We arrived at Hunter Island in the Duke Islands after a roasting hot morning at around 1:15. After taking some time to anchor because it was just after high water with a 5 meter drop, we had a salad for lunch, then I snoozed for a while. Pete had installed our cabin fans on the trip down from Curlew, so I was very comfortable with a air circulating around me, allowing me to get a good sleep! Around 5, we headed into the beach for a look around, but it was very shallow getting there, and once we were ashore we watched the tide just draining away, even though it was getting on for low water. Rather than hang around and wreck the dinghy dragging it over the corally bottom, we didn’t walk and headed back to the boat. We saw a low depth of 4.3 meters, which was somewhat below my comfort zone, but as we ate pizza for dinner and the tide started to turn, the wind disappeared and the depth started to increase again. I knew I would sleep ok, with low water likely to be no lower and around 8 in the morning.
Slept well, and woke to a glassy morning, with the other boats around us having left already. We had coffee, then weighed anchor and picked our way out of the Duke Islands towards Port Clinton. We needed to go the long way around as we heard on the radio that Shoalwater Bay Military Firing Range was active, so we had a 40 plus mile day ahead. As it was already scorching, we decided to leave the awning up until we saw any breeze.
It was a long slog to Port Clinton, but we had plenty of whale activity to keep us interested and then lots of interesting navigating to get into the anchorage. As we approached we could see lots of midges, but the reality didn’t bite (literally) until we were anchored. Swarms of midges and mosquitos, however did not spoil the dugong watching as Pete tried in vain to fish. So many dugongs swimming around us it was hard to know which to watch! We decided to BBQ dinner to try to keep the swarms away, but Pete got eaten alive anyway. Thank goodness for the cabin fans as we would be boiled alive without! Also tested out a new location for the awning to allow some windows to be open in the rain, and it works well.

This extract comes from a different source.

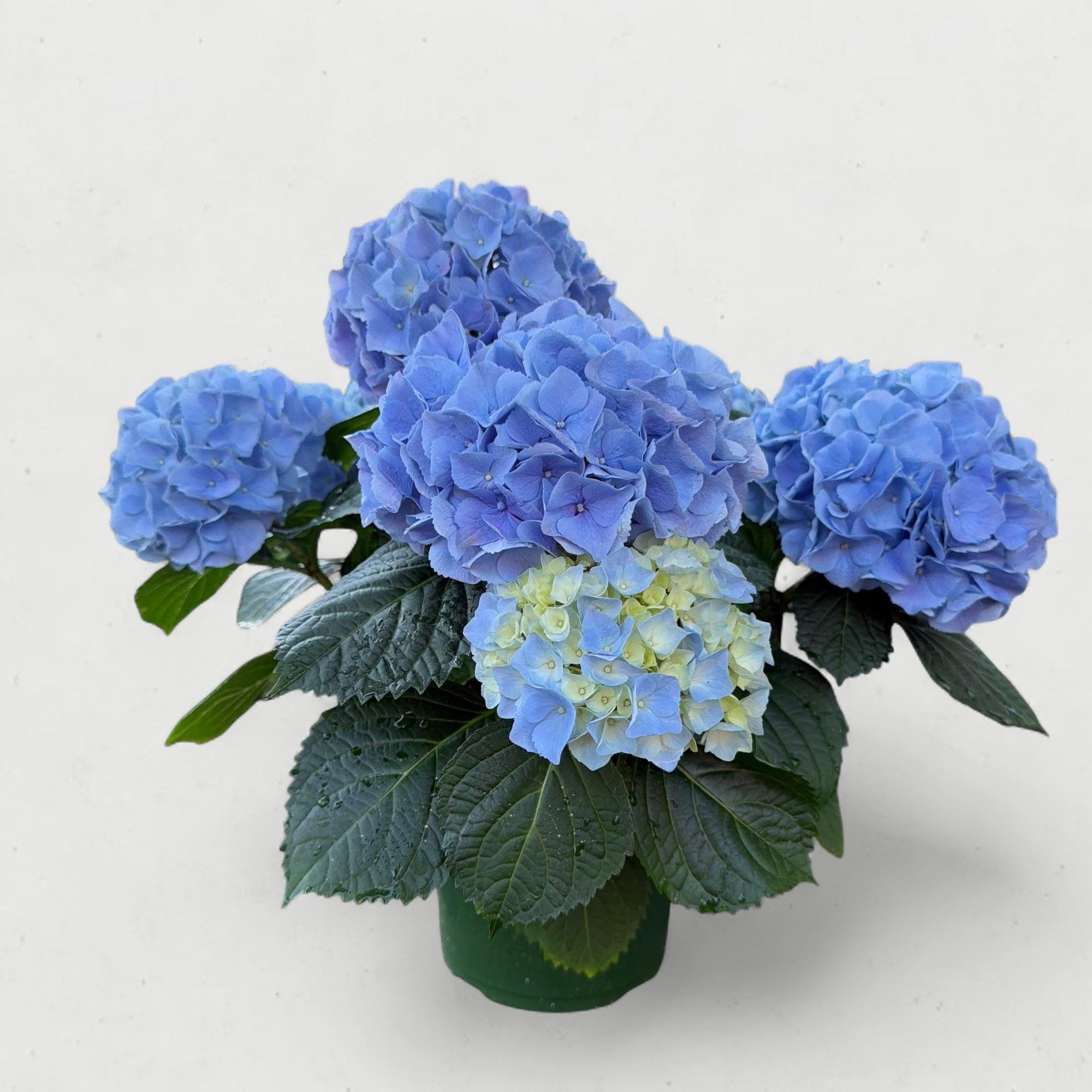 Premium 6.5” Blue Hydrangea - Capturing the rare and sought-after "true blue" of the garden world, the Blue Hydrangea (Hydrangea macrophylla) is a show-stopping botanical masterpiece. This 6.5-inch potted specimen offers a cooling, serene aesthetic that transforms any room or patio into a tranquil retreat. With its dense, cloud-like clusters of azure and periwinkle florets, this hydrangea is the ultimate symbol of grace and abundance.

By morning, the rain had cleared, but not the midges! We left at around 6 am to ride the ebb tide out of the bay and to ensure entry to Keppel Bay Marina at close to high tide. A cool south easterly breeze allowed us to sail for a while, but it shifted ahead, then became very light. A few more whales, but all were camera shy!

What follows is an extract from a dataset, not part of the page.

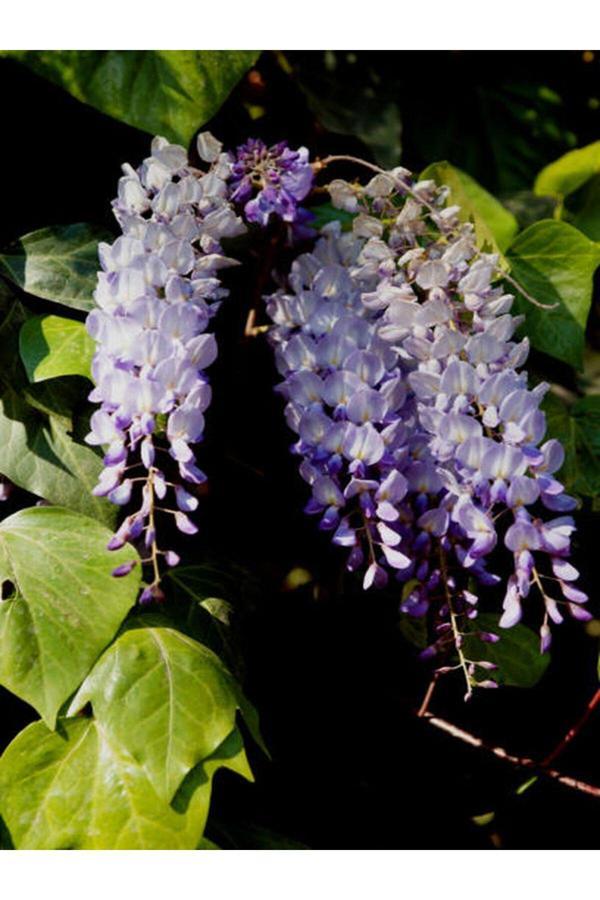 Videolu Mor Salkım Çiçeği Fidanı Bahçe Balkon Bitkisi (30 40CM)1 Adet Saksılı Buddleja Davidii - Image 1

We had to enter the marina past a dredge, and went straight into the fuel dock to replenish supplies. As we left the fuel dock a hot north westerly breeze piped up, making our docking a little interesting, but no issues. It was odd to be back in a marina, but I was keen to get some laundry done. We planned for just one night, hoping we may be able to get out to the reef tomorrow, before having to make Bundaberg for a few nights while Pete flies back to Sydney.

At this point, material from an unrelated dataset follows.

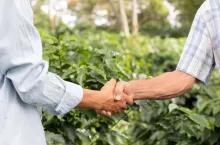 Sprzedaż gospodarstwa – o czym nie należy zapomnieć?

We planned to have sundowners at my favourite Capricornia Cruising Yacht Club before dinner at the Marina. I got the laundry done, Pete got oil and we met at the yacht club to watch the beautiful sunset. Got chatting to a couple of locals plus the couple delivering Cocomo back to Sydney, then we had dinner at the Waterline. Really good meal, Pete raved about the crab of which there was a massive pile and it was yummy! We managed to get through a bottle of wine, more than we have drunk in ages over dinner, so felt a little tired in the morning!
The weather is still looking fine for Fitzroy Reef, so we are going to make an overnight passage there tonight to get in around low water tomorrow morning. If all is well, we will overnight there and if not then we will head to Pancake Creek, before heading to Bundaberg for Sunday night.